ほら、とセシルは適当な扉を開ける。

その部屋には本棚が所狭しと並べられ、床から天井まで数え切れない程の蔵書で満ちていた。


「うわあ……」


取りあえず、レナは呻くことしか出来なかった。

ばたんとその扉を閉めると、セシルはまた廊下を歩き出す。


「ね、物置でしょう?
 中には結構珍しい物もあるみたいですから、アルフレートや僕に怒られたくなければ、興味本位で知らない部屋や場所に行くのは止められた方が良いと思いますよ」


レナは頷いてから、少しの違和感。


「……って、私セシルにも怒られるの?」

「ええ怒りますとも。だってレナ様がそんなことをされると僕もアルフレートに怒られるんですから、当然ですね。
 これでも怒ると怖いですよ?」


セシルの顔には満面の笑み。

こういう人間が怒ると往々にして恐ろしい、という法則がある。


「アルフは本当に怖そうだけど……」

「残念ながら否定できる言葉がありませんねえ。
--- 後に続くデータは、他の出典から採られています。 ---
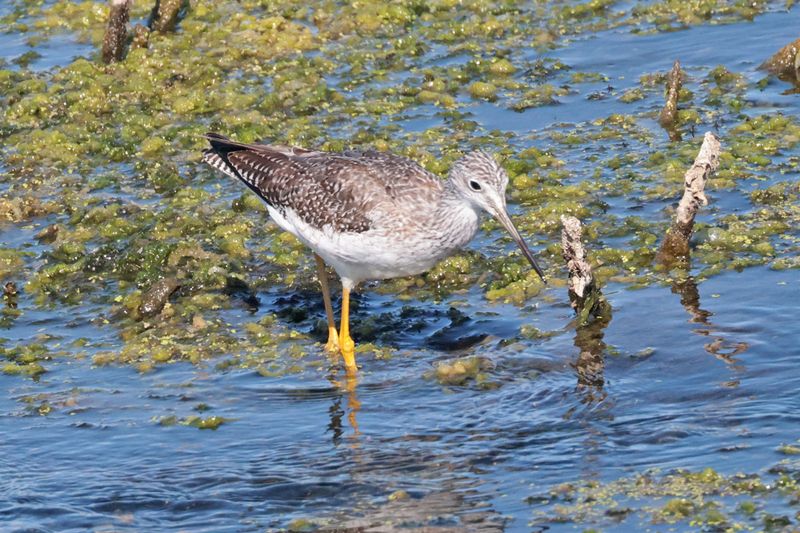 Greater Yellowlegs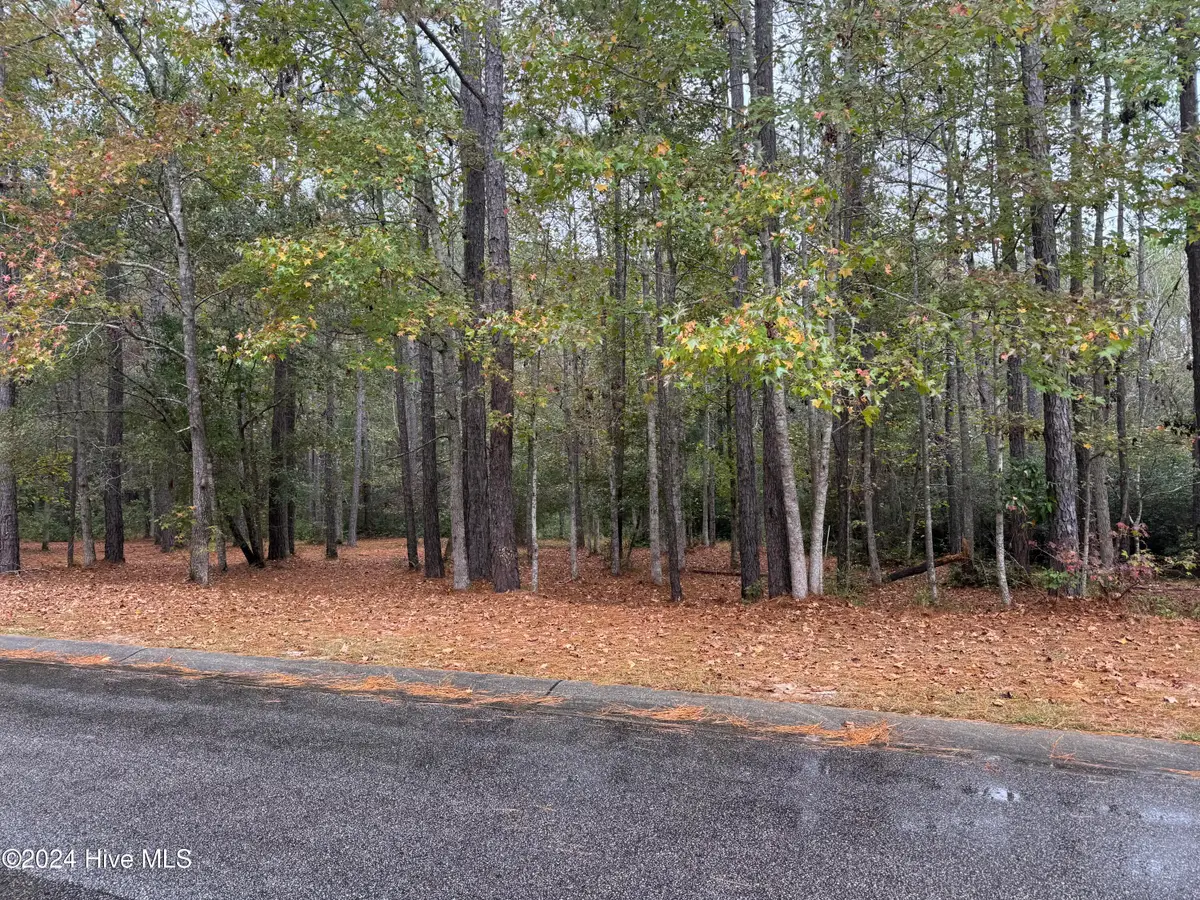 542 Lindgrove Place Sw, Ocean Isle Beach, NC 28469 - #1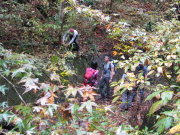 p0032.jpg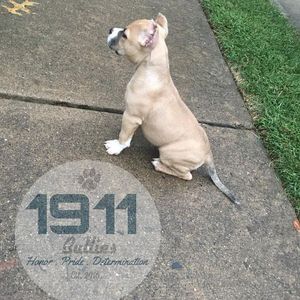 Image post by @1911bullies on Facebook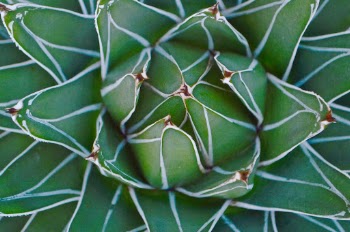 Unsplash ID 4tGG0xDqTlY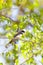 Pied Fantail bird (Rhipidura javanica)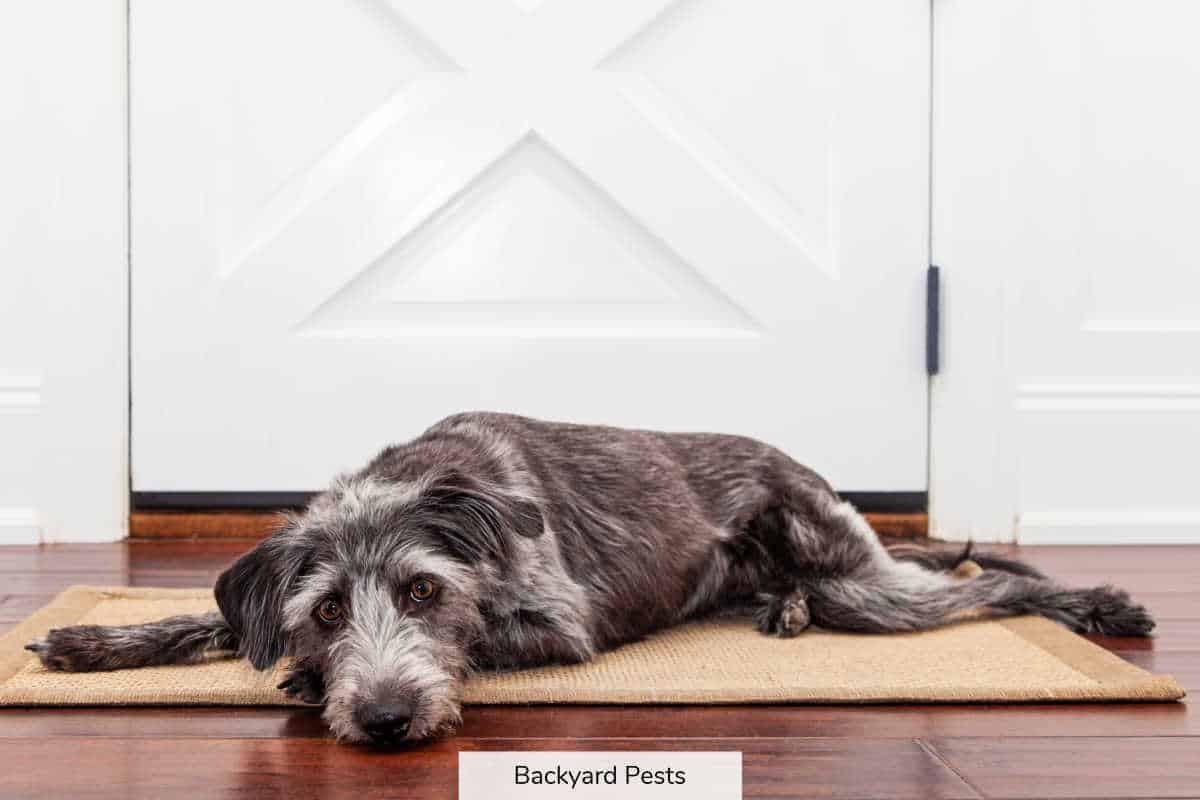 Can Fleas Live In Floorboards? How To Find And Kill Them Backyard Pests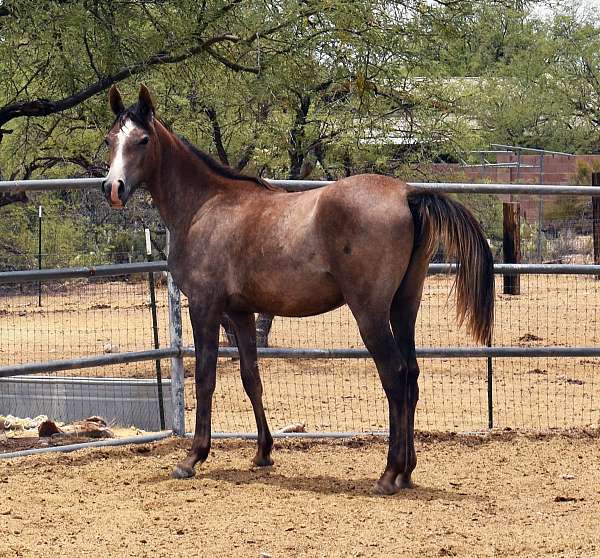 wes-arabian-horse
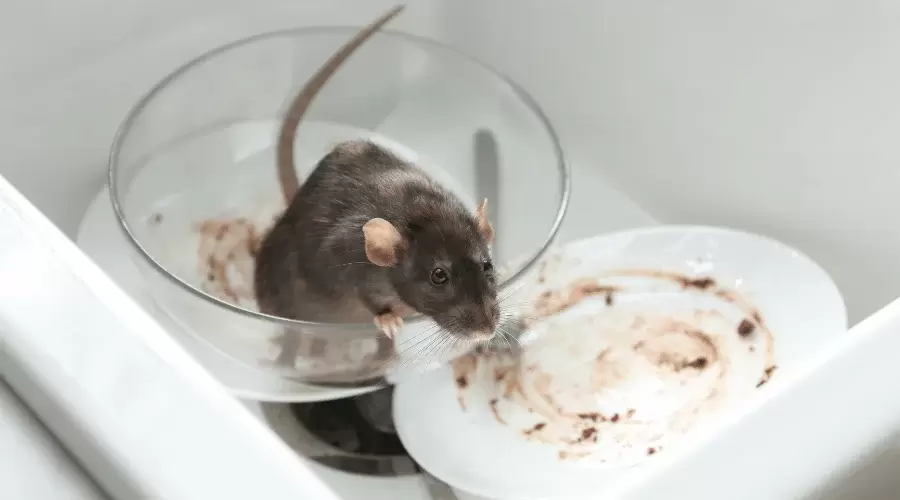 a rat on the unwashed dishes in the sink rodent exterminator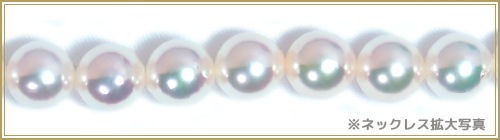 ּ  俿ͥå쥹7.58mm̽աN-11990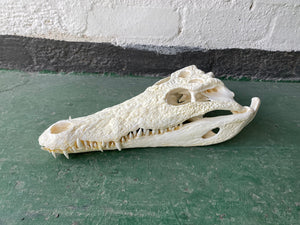 Nile Crocodile 02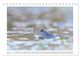 Thumbnail-14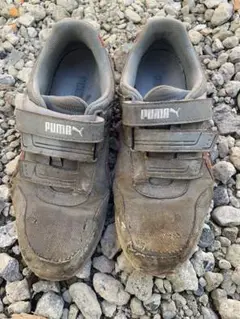 Item thumbnail for item 5bbd5907-a115-4cfd-aa5b-2b7f8578bfa9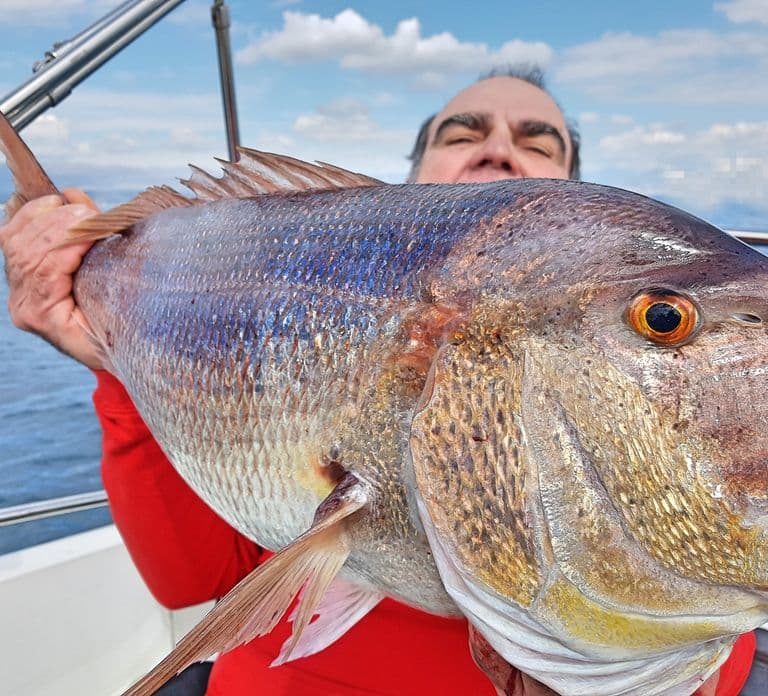 Saint-Laurent-du-Var: 4-Hour Fishing Trip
冬の雷より怖いこと請け合いですよ」


レナの興味が他の部屋から移った瞬間、セシルが息をついたのに、彼女は気付かない。

このついでにとばかりに、セシルはもう一つレナに忠告しておくことにする。


「だけど、そのアルフレートに怒られるより怖い目に会いたくなかったら、夜になったら蝋燭の明かりのない廊下は決して歩いては駄目ですよ」


そういえばアルフに連れて来られた日もそんなことを言われたっけ、とレナは思い返す。


「うん。でもどうして?」

「このお屋敷は大変由緒正しいものです。となれば、屋敷の中で亡くなった人も多いわけです。